Public library enters last renovation stage
The Monroe County Public Library is set to begin a series of large renovations this month. Both indoor and outdoor changes will take place throughout the coming year.
This phase will include interior renovations to the auditorium, the movies and music section, the Friends of the Library Bookstore, the community outreach area and parts of the second and third floors.
“This is actually phase three of our renovations,” Library Director Sara Laughlin said. “Phase one was the children’s department. Phase two was part of the second floor.”
One of the largest projects they hope to implement is the creation of a Digital Creativity Center.

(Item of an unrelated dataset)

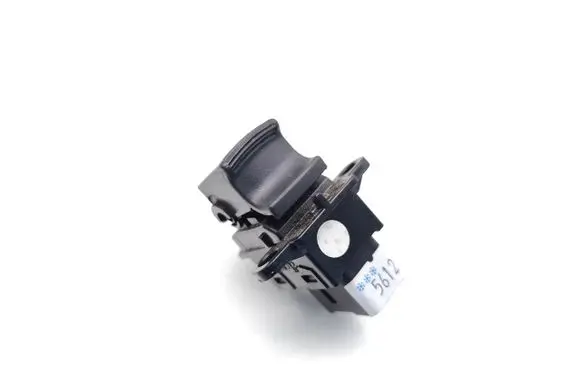 KIA Soul Electric window control switch 486520-1110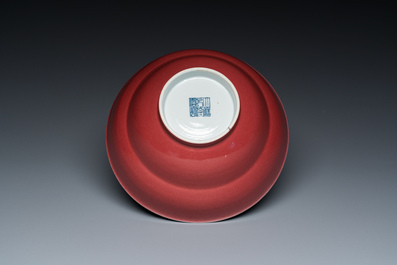 Een Chinese monochrome leverrode kom, Qianlong merk en periode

The center will feature shared software available for the public to use in creating and publishing different kinds of digital media. The center will focuse on teens and young adults.
“Today’s generation is very digitally wired,” Laughlin said. “Everyone’s a publisher. We want to give people the skills to get jobs in this digitally creative economy.”
The renovations and creation of this new center will cause some of the library’s services to change locations. Laughlin said they are still working out where everything will go.
“We still don’t know yet,” she said. “The Digital Creativity Center will probably go to where the movies and music are now.”
The library is also planning an overhaul of their exterior, changing landscaping that has not been redone since 1997.
“Back then everything was monoculture, all the same plants,” Laughlin said. “It looks dated, and the bushes are overgrowing. Today people like native, diverse plants.”
With the help of three Eagle scouts from Boy Scouts of America Troop 170, the library aims to plant drought-resistant bushes, grasses and perennials to diversify their flora and cut back on the water bill.
The Kirkwood entrance will also be redone to increase accessibility.
The project Laughlin said she is most excited about is the transformation of the plaza outside the Kirkwood entrance. Now housing a broken fountain, the ground will be repaved and set with an interactive sundial. Visitors will be able to stand on a black granite tile of the current month, and the resulting angle of their shadow will lead to the time of day.
Laughlin said she is thrilled with the prospect.
The stone bears Sunny, Luna and Snowdrop will remain in the plaza.
Laughlin said the library has been working with local architect Christine Matheu to design the renovations. They are still in the planning stages.
“We hope to have a programmatic design by August,” Laughlin said. “We expect to have a contractor selected and approved by the board by January 2014, and hopefully construction will be done somewhere between June and September of 2014.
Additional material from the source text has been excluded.